▶ Activity
From first line to last, write out the data precisely as shown.

▶ Exercise inputs
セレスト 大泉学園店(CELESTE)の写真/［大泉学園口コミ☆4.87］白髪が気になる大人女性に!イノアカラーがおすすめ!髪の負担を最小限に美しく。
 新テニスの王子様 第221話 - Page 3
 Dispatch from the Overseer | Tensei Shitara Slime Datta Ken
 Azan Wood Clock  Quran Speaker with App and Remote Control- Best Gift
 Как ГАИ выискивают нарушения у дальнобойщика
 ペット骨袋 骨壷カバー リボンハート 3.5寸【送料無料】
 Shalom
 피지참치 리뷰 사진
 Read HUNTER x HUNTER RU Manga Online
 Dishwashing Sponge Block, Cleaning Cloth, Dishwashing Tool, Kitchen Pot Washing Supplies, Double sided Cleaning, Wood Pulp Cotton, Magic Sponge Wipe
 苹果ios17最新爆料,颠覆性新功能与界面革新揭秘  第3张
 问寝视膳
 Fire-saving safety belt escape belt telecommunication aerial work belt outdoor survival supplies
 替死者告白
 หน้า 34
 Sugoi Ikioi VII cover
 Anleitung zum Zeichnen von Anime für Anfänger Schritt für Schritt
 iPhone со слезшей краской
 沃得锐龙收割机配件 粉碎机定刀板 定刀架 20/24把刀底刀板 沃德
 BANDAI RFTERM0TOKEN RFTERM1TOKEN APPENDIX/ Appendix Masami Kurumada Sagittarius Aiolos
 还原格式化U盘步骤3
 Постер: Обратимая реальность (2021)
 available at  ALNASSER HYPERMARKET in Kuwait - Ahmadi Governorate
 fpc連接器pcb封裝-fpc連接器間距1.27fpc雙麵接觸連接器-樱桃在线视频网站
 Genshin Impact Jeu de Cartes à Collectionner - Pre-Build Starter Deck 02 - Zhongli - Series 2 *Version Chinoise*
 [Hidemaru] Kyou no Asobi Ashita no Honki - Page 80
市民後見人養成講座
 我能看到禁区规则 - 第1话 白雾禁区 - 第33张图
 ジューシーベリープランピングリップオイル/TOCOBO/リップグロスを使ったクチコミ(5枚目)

▶ Written solution
セレスト 大泉学園店(CELESTE)の写真/［大泉学園口コミ☆4.87］白髪が気になる大人女性に!イノアカラーがおすすめ!髪の負担を最小限に美しく。
 新テニスの王子様 第221話 - Page 3
 Dispatch from the Overseer | Tensei Shitara Slime Datta Ken
 Azan Wood Clock  Quran Speaker with App and Remote Control- Best Gift
 Как ГАИ выискивают нарушения у дальнобойщика
 ペット骨袋 骨壷カバー リボンハート 3.5寸【送料無料】
 Shalom
 피지참치 리뷰 사진
 Read HUNTER x HUNTER RU Manga Online
 Dishwashing Sponge Block, Cleaning Cloth, Dishwashing Tool, Kitchen Pot Washing Supplies, Double sided Cleaning, Wood Pulp Cotton, Magic Sponge Wipe
 苹果ios17最新爆料,颠覆性新功能与界面革新揭秘  第3张
 问寝视膳
 Fire-saving safety belt escape belt telecommunication aerial work belt outdoor survival supplies
 替死者告白
 หน้า 34
 Sugoi Ikioi VII cover
 Anleitung zum Zeichnen von Anime für Anfänger Schritt für Schritt
 iPhone со слезшей краской
 沃得锐龙收割机配件 粉碎机定刀板 定刀架 20/24把刀底刀板 沃德
 BANDAI RFTERM0TOKEN RFTERM1TOKEN APPENDIX/ Appendix Masami Kurumada Sagittarius Aiolos
 还原格式化U盘步骤3
 Постер: Обратимая реальность (2021)
 available at  ALNASSER HYPERMARKET in Kuwait - Ahmadi Governorate
 fpc連接器pcb封裝-fpc連接器間距1.27fpc雙麵接觸連接器-樱桃在线视频网站
 Genshin Impact Jeu de Cartes à Collectionner - Pre-Build Starter Deck 02 - Zhongli - Series 2 *Version Chinoise*
 [Hidemaru] Kyou no Asobi Ashita no Honki - Page 80
市民後見人養成講座
 我能看到禁区规则 - 第1话 白雾禁区 - 第33张图
 ジューシーベリープランピングリップオイル/TOCOBO/リップグロスを使ったクチコミ(5枚目)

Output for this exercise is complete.